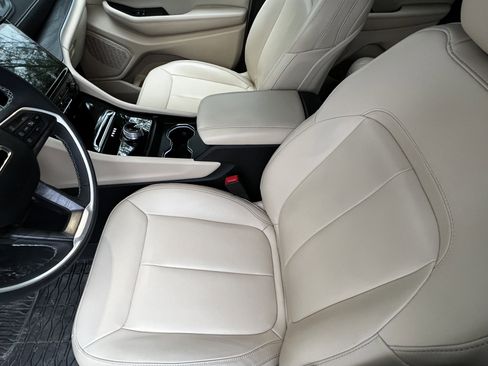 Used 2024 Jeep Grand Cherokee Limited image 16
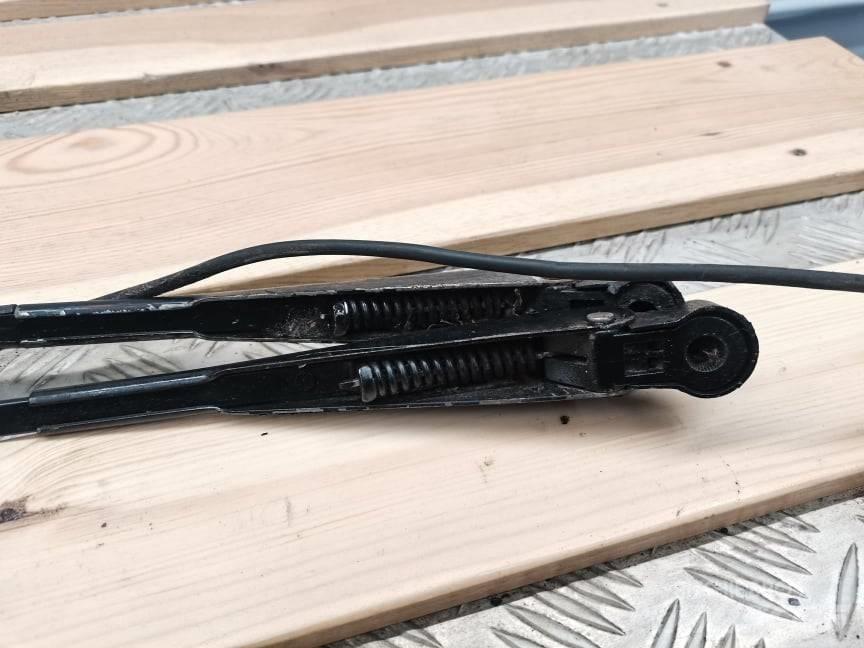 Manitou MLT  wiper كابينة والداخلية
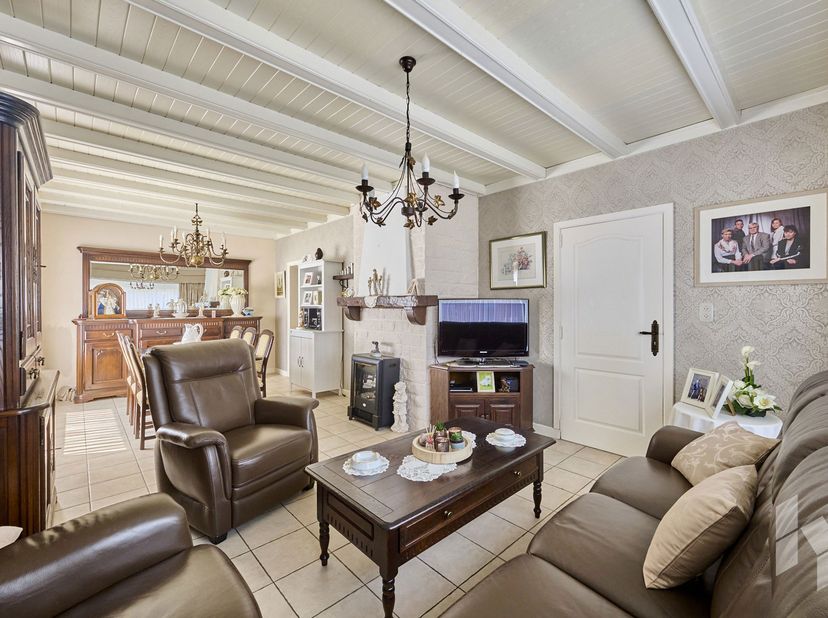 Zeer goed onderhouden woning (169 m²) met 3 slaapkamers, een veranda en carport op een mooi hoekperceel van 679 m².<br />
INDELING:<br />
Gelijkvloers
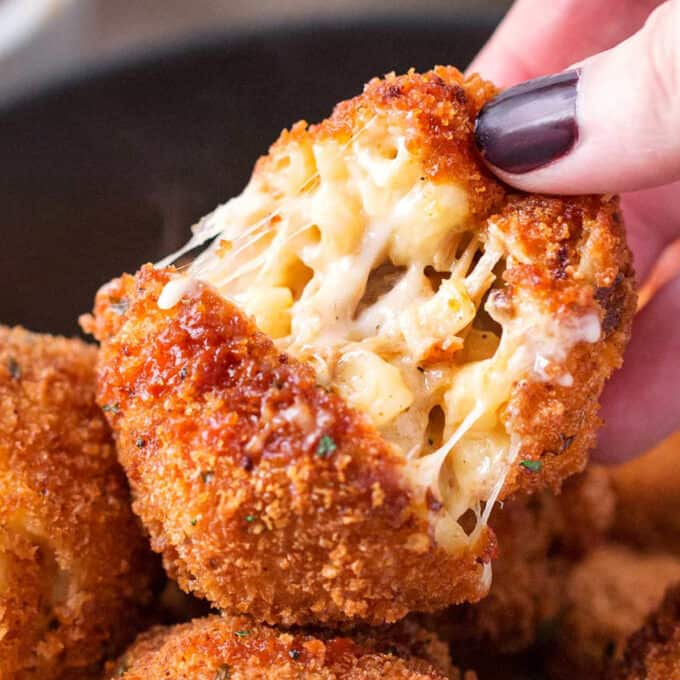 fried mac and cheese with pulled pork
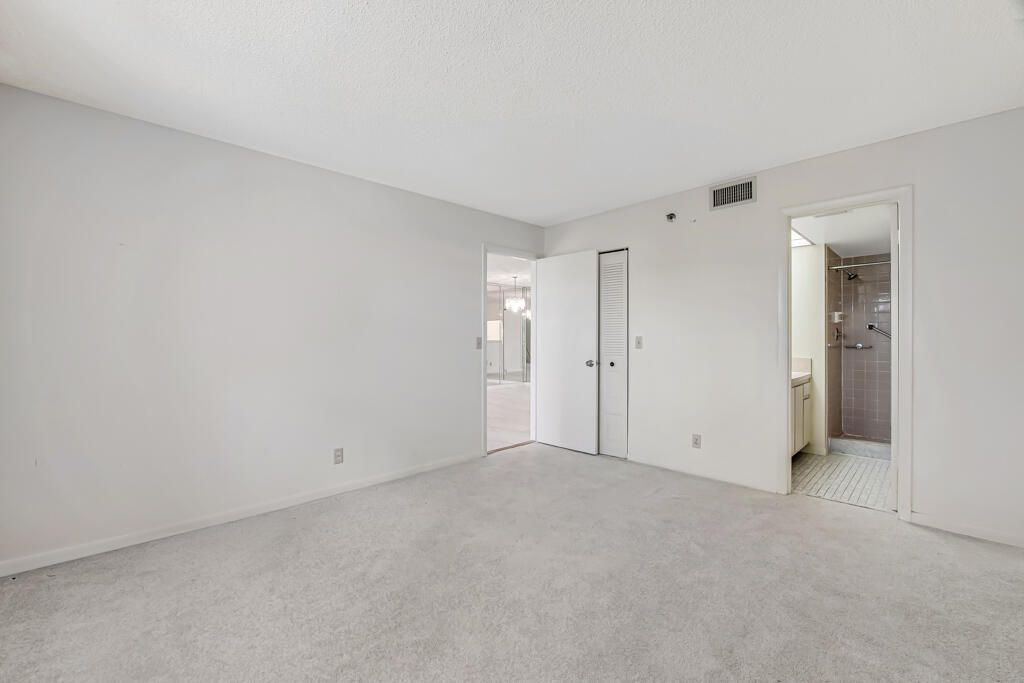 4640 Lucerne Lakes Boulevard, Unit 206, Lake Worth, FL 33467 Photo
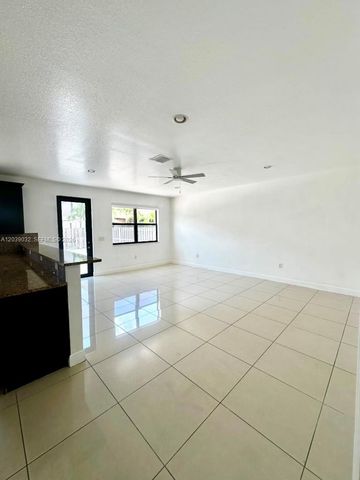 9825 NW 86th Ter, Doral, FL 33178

========================================

[Exercise prompt]: In the copy you write, the data above must appear exactly, with no pictures.

[Output of the exercise]:
 Used 2024 Jeep Grand Cherokee Limited image 16
 Manitou MLT  wiper كابينة والداخلية
 Zeer goed onderhouden woning (169 m²) met 3 slaapkamers, een veranda en carport op een mooi hoekperceel van 679 m².<br />
INDELING:<br />
Gelijkvloers
 fried mac and cheese with pulled pork
 4640 Lucerne Lakes Boulevard, Unit 206, Lake Worth, FL 33467 Photo
 9825 NW 86th Ter, Doral, FL 33178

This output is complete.